Dr. Lisa Dikomitis, geboren 1978 im belgischen Menen, lebte zwischen 2004 und 2008 immer wieder für mehrere Monate in Kozan/Larnakas tis Lapithou. Über ihre Studien erschien unter anderem „Cyprus and Its Places of Desire. Cultures of Displacement Among Greek and Turkish Cypriot Refugees” (IB Tauris, London, 2012).
Pakistan: Geben und Nehmen
Ich habe in Pakistan schnell gelernt, Männern meiner Größe keine Komplimente über ihre Kleidung zu machen. Denn dann nahmen sie die jeweiligen Stücke ab und schenkten sie mir. Die Menschen im Dorf Bhalot sind unglaublich gastfreundlich. Trotzdem geraten sie untereinander ständig in Konflikte – etwa um Grund und Boden. In Bhalot im Norden der Provinz Punjab leben zwischen 5.000 und 10.000 Menschen, genau ist das schwer zu sagen. Ich wohnte dort als Gast bei Männern, denen das Land um das Dorf herum gehörte. Manche Dörfler waren deshalb besonders freundlich zu mir, andere skeptisch. Um Vertrauen aufzubauen, half es, wenn ich Bilder meiner Familie zeigte, denn den Pakistanern war es wichtig, mich in meinem Umfeld zu sehen.

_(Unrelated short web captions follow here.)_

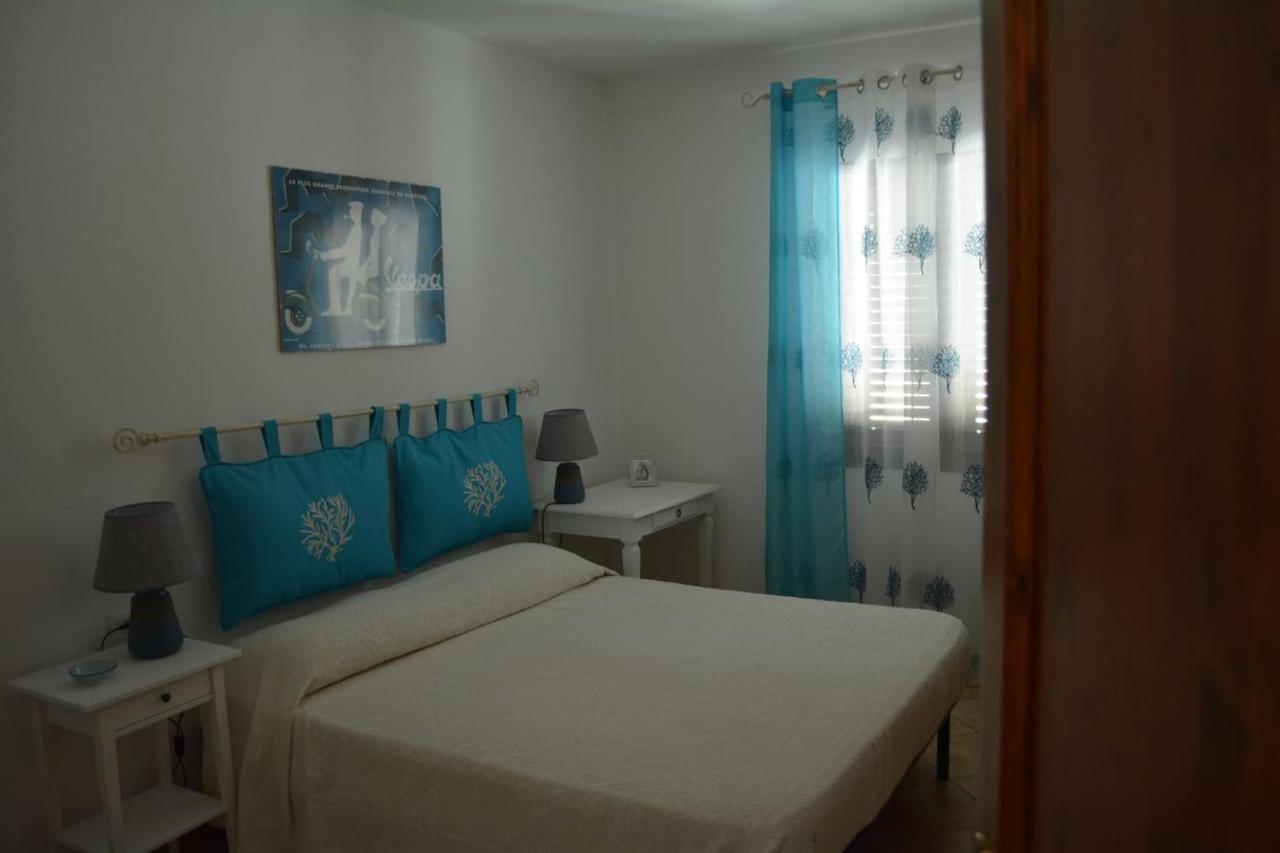 Casa Della Vespa Orosei Bagian luar foto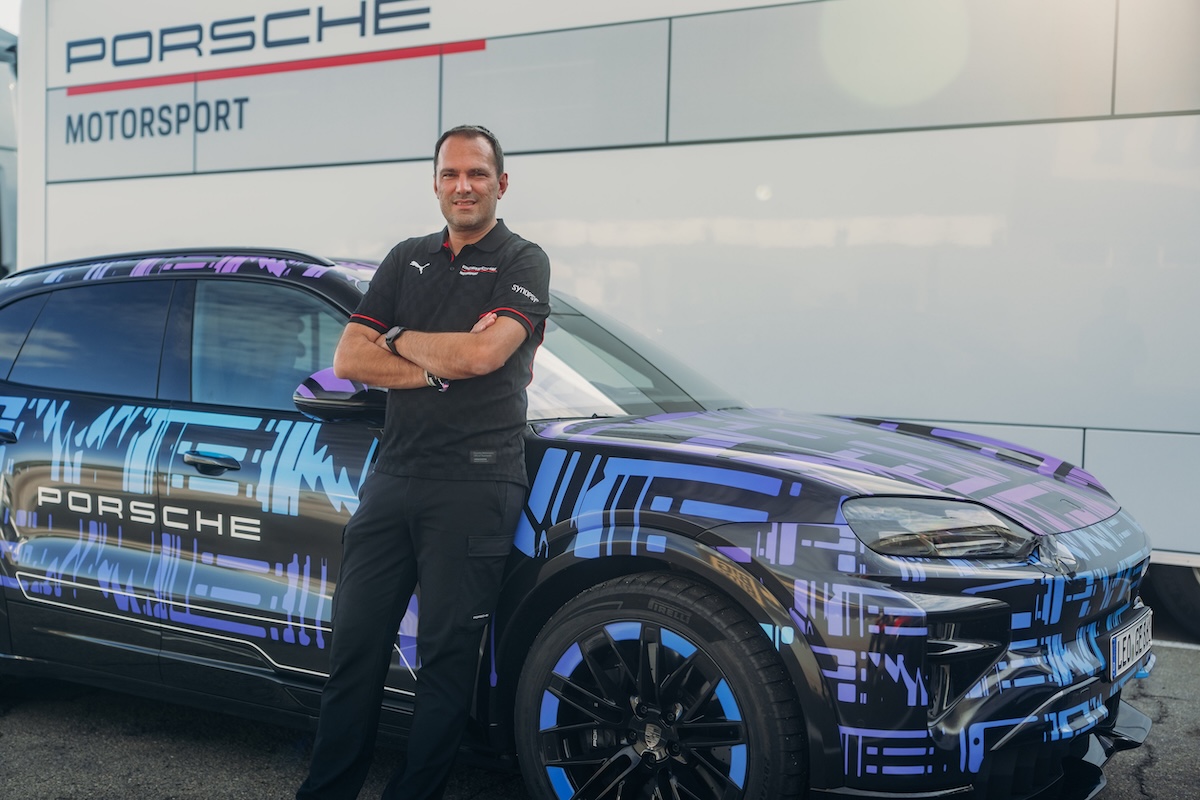 Porsche Cayenne Electric: la tecnologia della Formula E scende in strada Porsche Cayenne Electric: la tecnologia della Formula E scende in strada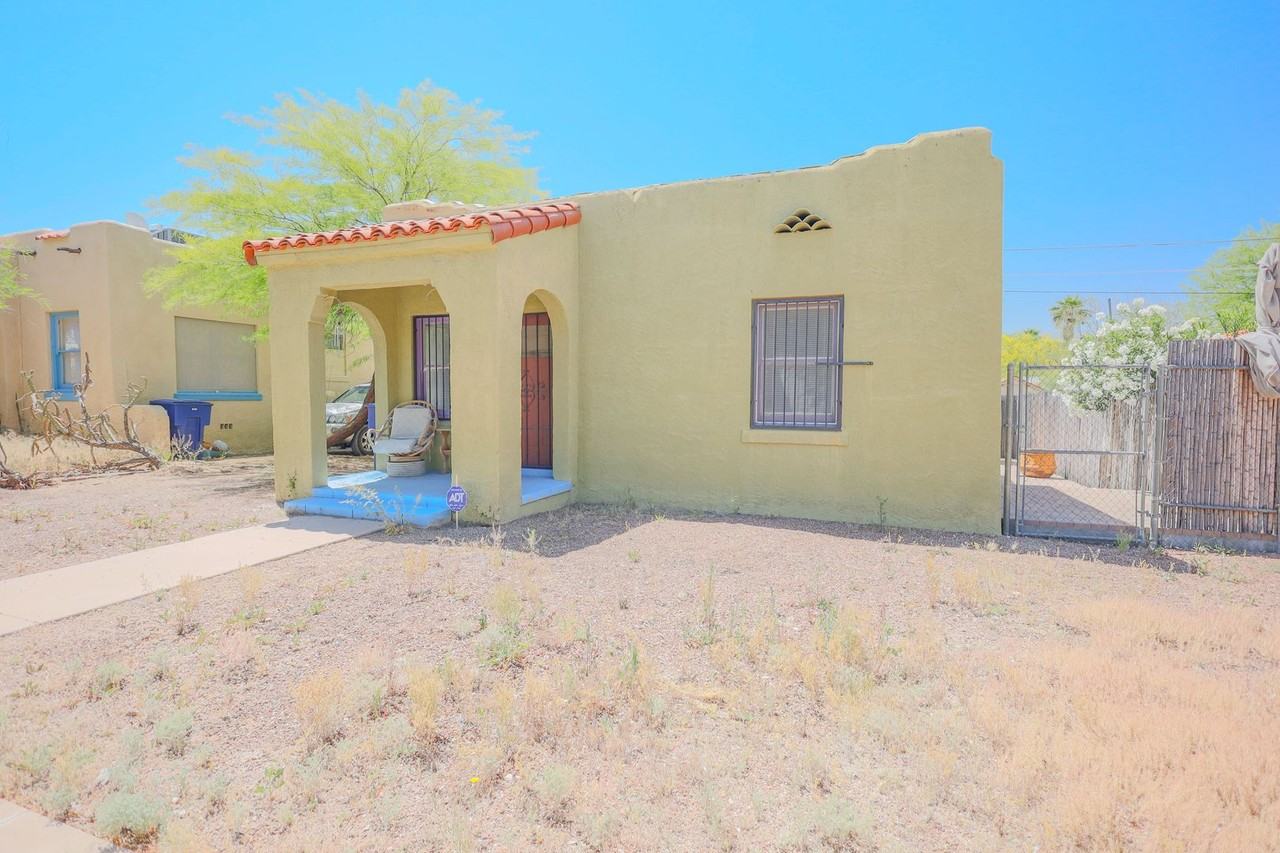 317 N Santa Rita Ave - Photo 2 of 20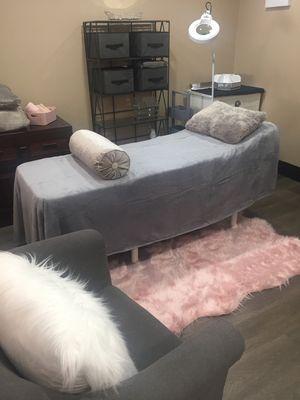 Lash and Wax Room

Als Anthropologe interessierte mich die Kultur des Schenkens. In Pakistan tauscht man nicht einfach Objekte aus, sondern gibt ein Stück von sich selbst. Konflikte entstehen, wenn zu viel, aber auch, wenn zu wenig gegeben wird. Ich sah, wie ein Mann, der von seinem Cousin aus den USA ein Mobiltelefon mitgebracht bekam, dieses wütend aus dem Autofenster warf. Er hielt es für zu billig und verstand es deshalb als Zeichen, dass er dem Verwandten nicht so wichtig war. In Bhalot entdeckte ich auch eine Tradition, die es Männern erlaubt, auf friedliche Art miteinander um die Vormachtstellung zu konkurrieren: das Dég. Bei diesem Ritual, das beispielsweise bei der Geburt eines Kindes oder der Rückkehr von der Hadsch stattfindet, sind alle Dorfbewohner eingeladen, Reis mitzuessen. Je mehr Kessel Reis der Gastgeber aufbietet, desto klarer deklariert er seine Machtposition. In Bhalot habe ich auch gelernt, dass Pakistaner Freundschaften nicht leichtfertig aufgeben. Selbst wenn die Menschen dort sehr theatralisch auf Konflikte reagieren, schimpfen und mit dem Gewehr in die Luft schießen, können sie am nächsten Tag wieder zusammen lachen.
Dr. Stephen M. Lyon, geboren 1965 in Huntsville, Alabama, lebte von 1998 bis 1999 im pakistanischen Dorf Bhalot. Dazu erschien sein Buch „An Anthropological Analysis of Local Politics and Patronage in a Pakistani Village“ (Edwin Mellen Press, Lampeter, 2004).